Der EGB warnt vor einem solchen Vorgehen. Die bisherigen Pläne liefen auf Kürzungen in Höhe von 45 Milliarden Euro allein im kommenden Jahr hinaus, so der Gewerkschaftsbund. Besonders hart wären nach Berechnungen der EGB-Experten Frankreich, Spanien und Italien betroffen. In all diesen Ländern fehlten aber längst Lehrer und Krankenschwestern.
Problem Schuldenbremse
Kritisch äußerte sich auch der grüne Europaabgeordnete Rasmus Andresen, der die deutsche Gruppe im EU-Parlament leitet. „So werden die Schulden nicht sinken, sondern wachsen“, sagte er zur Empfehlung des Ausschusses, der sich die Grünen nicht angeschlossen haben.
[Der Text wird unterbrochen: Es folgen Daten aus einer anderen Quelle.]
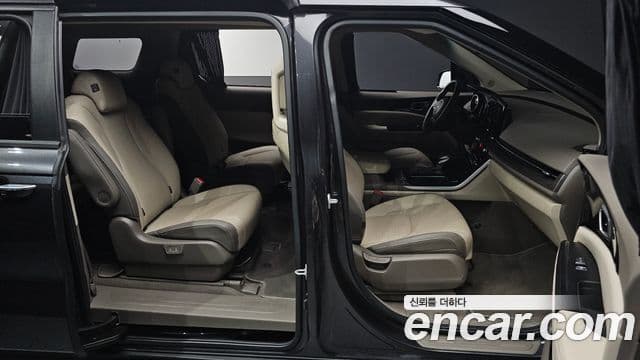 Kia Carnival 2022 — ფოტო 10/20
„Wieder wird der Fehler gemacht, Schuldenstände senken zu wollen, anstatt Europas Finanzen wirklich nachhaltig und zukunftsfähig zu machen“, so Andresen. Ähnlich wie bei der deutschen Schuldenbremse bestehe auch bei den EU-Schuldenregeln „ein Zielkonflikt zwischen aggressiver Schuldenreduktion und notwendigen Ausgaben für eine zukunftsfähige Wirtschaft“.